WORK REQUIRED: Leave every picture out, and retype all the remaining records exactly.

SOURCE INFORMATION:
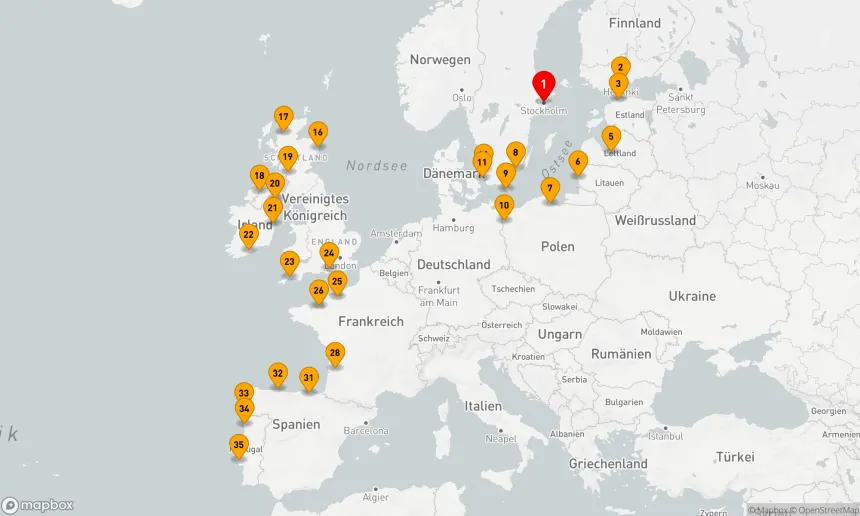 Route 34 Nächte - KOMBINIERTE OSTSEE- UND WESTEUROPA-KREUZFAHRT: HELSINKI,  GLASGOW & BORDEAUX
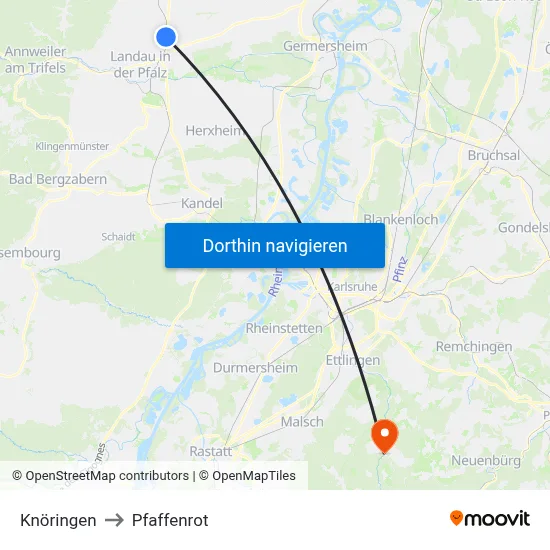 Knöringen to Pfaffenrot map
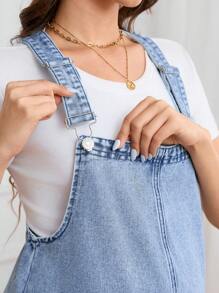 SHEIN Vestido de peto informal de maternidad de mezclilla desgastada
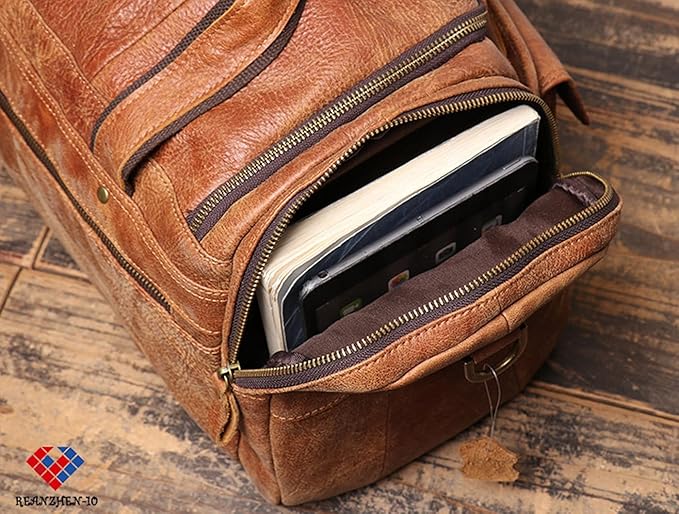 Full CowhideLeather Large duffel bags for men holdall leather travel bag overnight gym sports weekend bag (black)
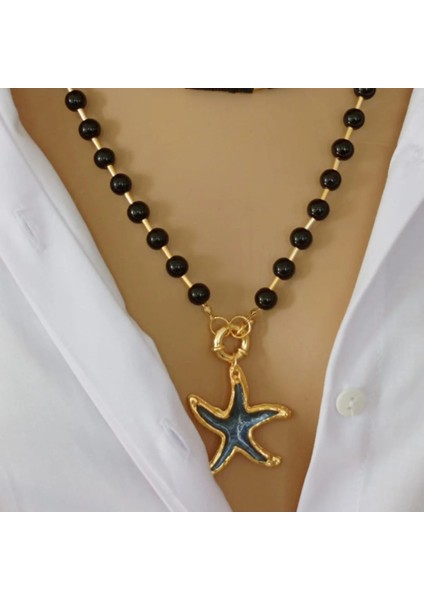 Gotik Deniz Yıldızı Üç Sıra Oniks Doğal Taş Kolye fiyatları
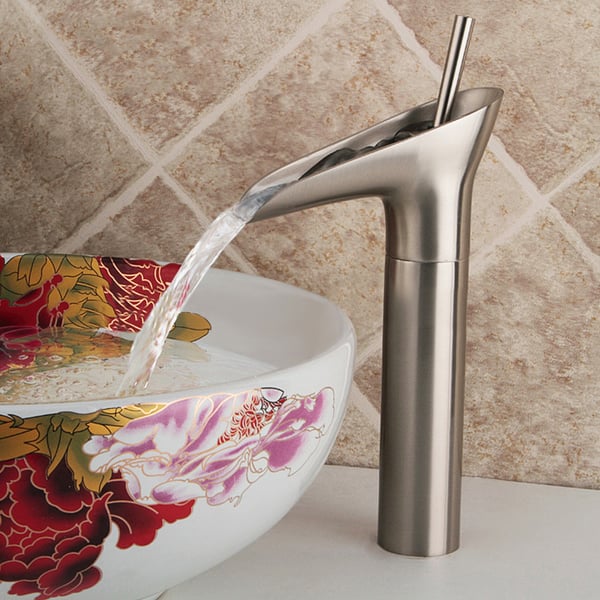 Ashfie Classic 1Hole Single Lever Vessel Sink Waterfall Faucet Solid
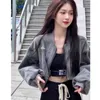 Womens Jackets Deeptown Y2k Grunge Cross Crop Grey Denim Women Hippie Streetwear 90s Oversize Zip Harajuku Kpop Coat Female 230808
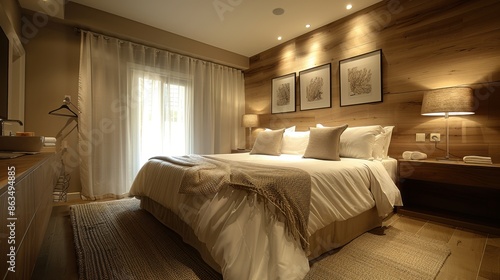 Bedroom interior design with modern decor, comfortable bed and soft bedding © Evandro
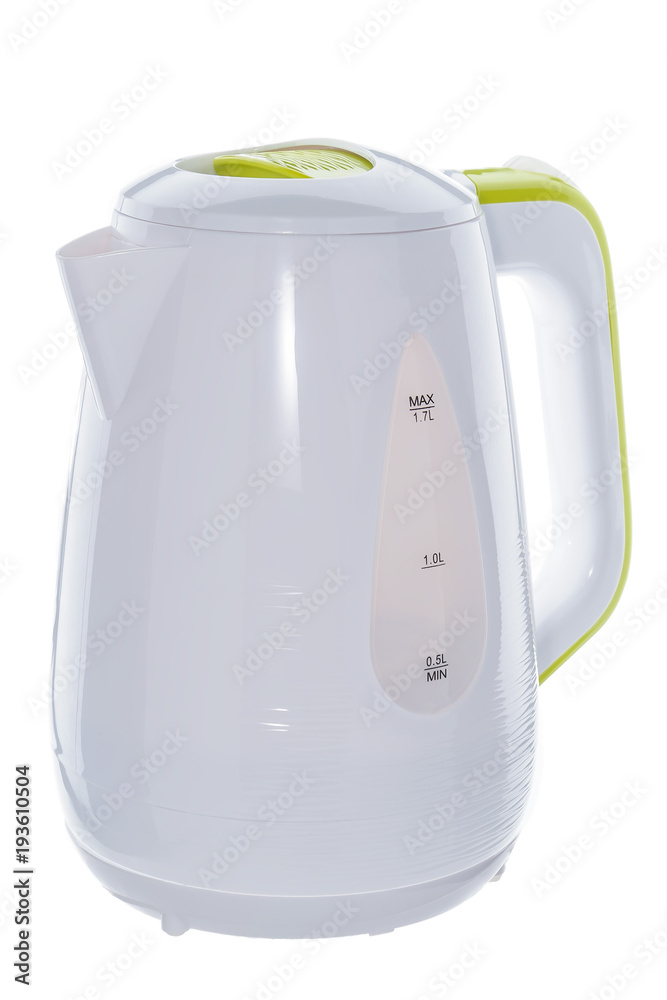 White plastic kettle on white background White plastic kettle on white background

ANSWER SECTION:
 Route 34 Nächte - KOMBINIERTE OSTSEE- UND WESTEUROPA-KREUZFAHRT: HELSINKI,  GLASGOW & BORDEAUX
 Knöringen to Pfaffenrot map
 SHEIN Vestido de peto informal de maternidad de mezclilla desgastada
 Full CowhideLeather Large duffel bags for men holdall leather travel bag overnight gym sports weekend bag (black)
 Gotik Deniz Yıldızı Üç Sıra Oniks Doğal Taş Kolye fiyatları
 Ashfie Classic 1Hole Single Lever Vessel Sink Waterfall Faucet Solid
 Womens Jackets Deeptown Y2k Grunge Cross Crop Grey Denim Women Hippie Streetwear 90s Oversize Zip Harajuku Kpop Coat Female 230808
 Bedroom interior design with modern decor, comfortable bed and soft bedding © Evandro
 White plastic kettle on white background White plastic kettle on white background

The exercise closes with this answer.